Define checks as individual methods using the fluent builder:

use ProAI\DataIntegrity\AuditCase;
use ProAI\DataIntegrity\Audit;
use App\Models\Order;

class OrderAudit extends AuditCase
{
    protected $model = Order::class;

    public function checkTotalMatchesLineItems(): Audit
    {
        return $this->audit('order total matches line items')
            ->validate(function ($order, $fail) {
                $expected = $order->lineItems()->sum('price');

                if ((int) $order->total !== (int) $expected) {
                    $fail(
                        "has total {$order->total}, expected {$expected}",
                        fn () => $order->update(['total' => $expected]),
                    );
                }
            });
    }
}

The validate closure receives a single model instance and a $fail closure. Call $fail(string $reason) to report a violation.
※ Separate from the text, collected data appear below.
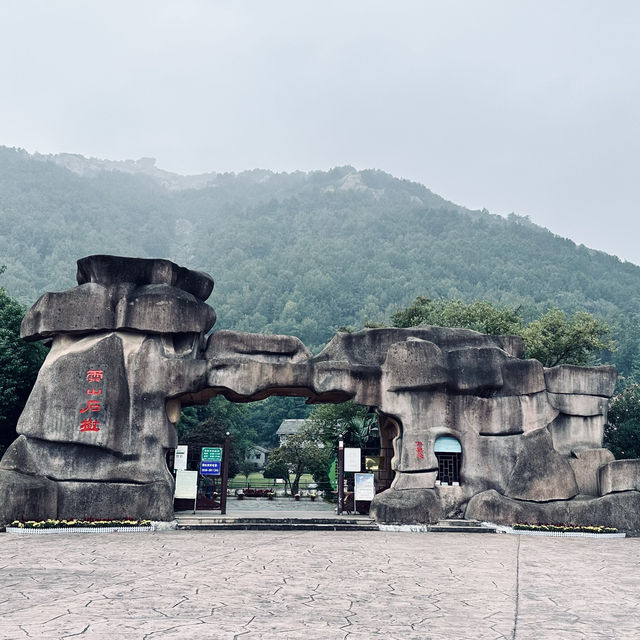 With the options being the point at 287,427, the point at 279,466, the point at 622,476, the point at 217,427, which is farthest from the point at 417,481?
the point at 287,427

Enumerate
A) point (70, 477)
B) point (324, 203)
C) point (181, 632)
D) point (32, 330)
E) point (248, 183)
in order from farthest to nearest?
point (248, 183), point (324, 203), point (32, 330), point (70, 477), point (181, 632)

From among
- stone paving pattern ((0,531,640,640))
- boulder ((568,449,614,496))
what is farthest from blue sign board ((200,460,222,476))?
boulder ((568,449,614,496))

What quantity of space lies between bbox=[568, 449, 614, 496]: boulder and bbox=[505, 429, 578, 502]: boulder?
0.75 m

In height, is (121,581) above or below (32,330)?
below

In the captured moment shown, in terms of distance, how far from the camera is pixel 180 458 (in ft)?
58.8

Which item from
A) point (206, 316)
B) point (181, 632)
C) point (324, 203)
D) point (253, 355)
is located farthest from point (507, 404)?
point (324, 203)

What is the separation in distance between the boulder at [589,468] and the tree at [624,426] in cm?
568

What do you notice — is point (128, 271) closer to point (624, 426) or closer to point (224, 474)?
point (224, 474)

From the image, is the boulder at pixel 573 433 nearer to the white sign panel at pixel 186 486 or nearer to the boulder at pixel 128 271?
the white sign panel at pixel 186 486

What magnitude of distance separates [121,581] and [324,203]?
12665cm

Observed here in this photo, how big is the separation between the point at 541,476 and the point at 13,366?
1522cm

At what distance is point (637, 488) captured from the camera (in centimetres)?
1641

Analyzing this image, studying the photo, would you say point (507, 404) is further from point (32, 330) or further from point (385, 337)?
point (32, 330)

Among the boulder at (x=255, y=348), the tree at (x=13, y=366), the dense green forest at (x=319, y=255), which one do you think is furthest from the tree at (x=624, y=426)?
the tree at (x=13, y=366) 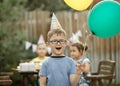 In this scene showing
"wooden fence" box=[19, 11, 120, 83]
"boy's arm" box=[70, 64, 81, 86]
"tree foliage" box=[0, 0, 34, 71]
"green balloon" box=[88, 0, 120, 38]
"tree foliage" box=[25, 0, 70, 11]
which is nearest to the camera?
"boy's arm" box=[70, 64, 81, 86]

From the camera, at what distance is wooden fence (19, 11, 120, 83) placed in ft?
39.1

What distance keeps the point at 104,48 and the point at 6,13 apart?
8.78 ft

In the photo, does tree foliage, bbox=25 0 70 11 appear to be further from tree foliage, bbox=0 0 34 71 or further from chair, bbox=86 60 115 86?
chair, bbox=86 60 115 86

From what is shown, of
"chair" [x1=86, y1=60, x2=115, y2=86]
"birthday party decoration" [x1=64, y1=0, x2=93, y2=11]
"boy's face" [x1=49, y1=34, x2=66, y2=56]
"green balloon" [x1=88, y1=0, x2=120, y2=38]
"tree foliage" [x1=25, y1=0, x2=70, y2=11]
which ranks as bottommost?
"chair" [x1=86, y1=60, x2=115, y2=86]

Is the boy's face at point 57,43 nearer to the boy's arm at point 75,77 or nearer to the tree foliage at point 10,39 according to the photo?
the boy's arm at point 75,77

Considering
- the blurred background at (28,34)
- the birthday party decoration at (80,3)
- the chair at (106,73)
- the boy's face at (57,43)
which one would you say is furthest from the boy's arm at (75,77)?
the blurred background at (28,34)

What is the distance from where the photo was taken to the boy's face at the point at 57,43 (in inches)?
209

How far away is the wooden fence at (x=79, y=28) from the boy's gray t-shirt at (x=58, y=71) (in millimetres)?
6391

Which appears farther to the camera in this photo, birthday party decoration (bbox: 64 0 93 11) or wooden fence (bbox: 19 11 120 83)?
wooden fence (bbox: 19 11 120 83)

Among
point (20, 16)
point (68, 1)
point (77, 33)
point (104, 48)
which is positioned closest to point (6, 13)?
point (20, 16)

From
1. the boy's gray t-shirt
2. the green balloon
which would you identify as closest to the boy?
the boy's gray t-shirt

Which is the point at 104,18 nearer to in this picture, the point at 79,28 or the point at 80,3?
the point at 80,3

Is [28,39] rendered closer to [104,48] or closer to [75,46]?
[104,48]

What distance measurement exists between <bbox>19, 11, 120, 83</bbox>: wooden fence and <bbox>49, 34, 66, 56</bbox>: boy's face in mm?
6336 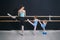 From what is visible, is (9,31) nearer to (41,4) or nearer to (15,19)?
(15,19)

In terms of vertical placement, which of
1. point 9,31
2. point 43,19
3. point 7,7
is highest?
point 7,7

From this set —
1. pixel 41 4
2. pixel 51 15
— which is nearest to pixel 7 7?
pixel 41 4

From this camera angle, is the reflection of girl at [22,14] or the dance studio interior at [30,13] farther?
the dance studio interior at [30,13]

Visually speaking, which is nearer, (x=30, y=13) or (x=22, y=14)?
(x=22, y=14)

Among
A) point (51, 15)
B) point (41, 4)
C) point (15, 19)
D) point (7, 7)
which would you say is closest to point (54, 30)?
point (51, 15)

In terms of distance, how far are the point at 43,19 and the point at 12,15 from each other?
132 centimetres

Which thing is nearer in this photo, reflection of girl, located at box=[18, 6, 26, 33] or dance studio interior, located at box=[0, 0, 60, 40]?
reflection of girl, located at box=[18, 6, 26, 33]

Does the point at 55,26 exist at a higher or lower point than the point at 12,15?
lower

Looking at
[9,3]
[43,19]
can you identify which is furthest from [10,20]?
[43,19]

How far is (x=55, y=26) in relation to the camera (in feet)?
24.5

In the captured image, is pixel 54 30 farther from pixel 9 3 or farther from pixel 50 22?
pixel 9 3

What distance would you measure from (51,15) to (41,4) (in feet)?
2.07

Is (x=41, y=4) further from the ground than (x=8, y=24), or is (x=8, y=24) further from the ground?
(x=41, y=4)

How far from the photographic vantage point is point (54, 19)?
24.6 feet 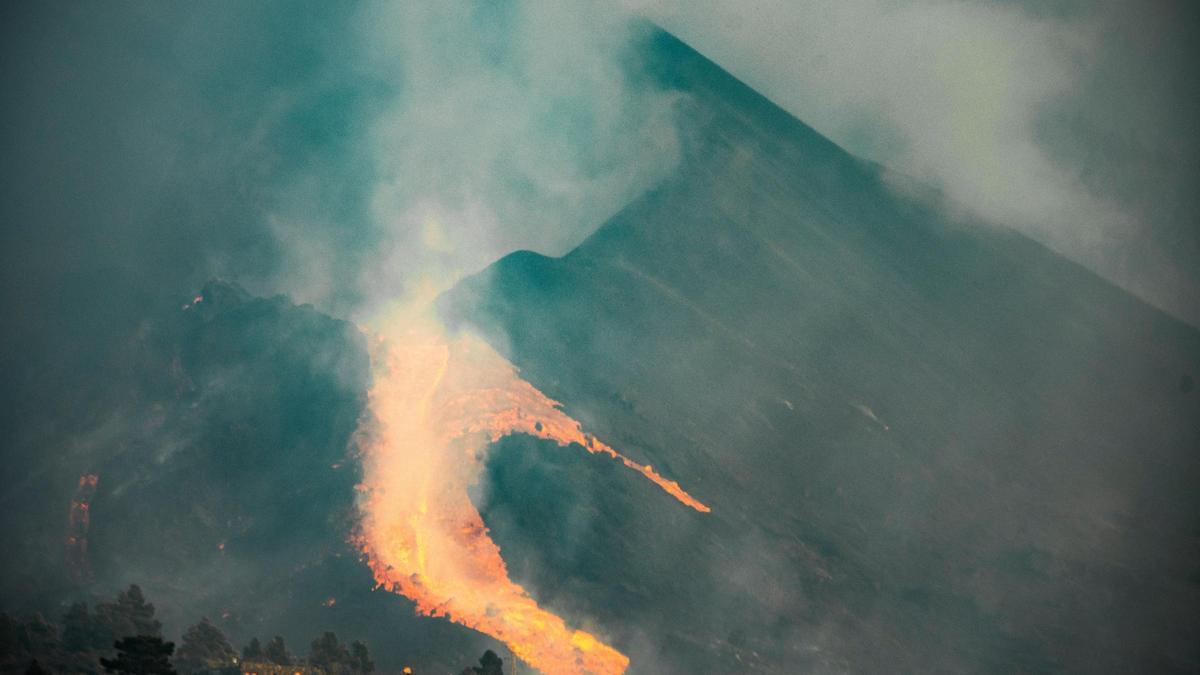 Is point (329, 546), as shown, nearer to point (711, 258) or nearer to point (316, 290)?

The model identifier (e.g. Order #42:) is automatically prepended to the reason in the output.

To support --fix, pass an optional fix closure as the second argument to $fail:

$fail(
    "has total {$order->total}, expected {$expected}",
    fn () => $order->update(['total' => $expected]),
);

The fluent builder supports query(), chunkSize(), before(), and after():

public function checkCompletedOrderHasPayment(): Audit
{
    return $this->audit('completed order has a payment')
        ->query(fn ($query) => $query->where('status', 'completed'))
        ->chunkSize(200)
        ->validate(function ($order, $fail) {
            if (! $order->payment()->exists()) {
                $fail('is completed but has no payment record');
            }
        });
}

Description from method name

When no description is passed to audit(), it is derived from the method name automatically:

// Description will be "email is valid"
public function checkEmailIsValid(): Audit
{
    return $this->audit()
        ->validate(fn ($user, $fail) => /* ... */);
}

Lifecycle hooks: before and after

Use before and after to run logic before and after each chunk is validated. The before hook is useful for preloading related data or setting up shared state, while after can be used for cleanup or post-processing:

protected array $activeCounts = [];

public function checkActiveOrdersCount(): Audit
{
    return $this->audit('user has correct active orders count')
        ->before(function ($chunk) {
            $this->activeCounts = DB::table('orders')
                ->whereIn('user_id', $chunk->modelKeys())
                ->where('status', 'active')
                ->groupBy('user_id')
                ->pluck(DB::raw('count(*)'), 'user_id')
                ->all();
        })
        ->validate(function ($user, $fail) {
            $expected = $this->activeCounts[$user->id] ?? 0;

            if ($user->active_orders_count !== $expected) {
                $fail(
                    "has active_orders_count {$user->active_orders_count}, expected {$expected}",
                    fn () => $user->update(['active_orders_count' => $expected]),
                );
            }
        });
}

Reusable checks with IntegrityCheck

For checks that are shared across multiple audits, create a class implementing IntegrityCheck:

use Closure;
use Illuminate\Database\Eloquent\Model;
use ProAI\DataIntegrity\IntegrityCheck;

class BelongsToExists implements IntegrityCheck
{
    public function __construct(
        public readonly string $relation,
    ) {}

    public function description(): string
    {
        return "{$this->relation} exists";
    }

    public function validate(Model $model, Closure $fail): void
    {
        if (! $model->{$this->relation}()->exists()) {
            $foreignKey = $model->{$this->relation}()->getForeignKeyName();

            $fail("references missing {$this->relation} ({$foreignKey}: {$model->$foreignKey})");
        }
    }
}

Then reference it in your audit case with auditUsing():

class CommentAudit extends AuditCase
{
    protected $model = Comment::class;

    public function checkPostExists(): Audit
    {
        return $this->auditUsing(BelongsToExists::class, ['post']);
    }

    public function checkAuthorExists(): Audit
    {
        return $this->auditUsing(BelongsToExists::class, ['author']);
    }
}

Check classes can accept constructor arguments, making them reusable across different models and relationships. The example above shows how BelongsToExists can verify any belongsTo relationship — just pass the relation name.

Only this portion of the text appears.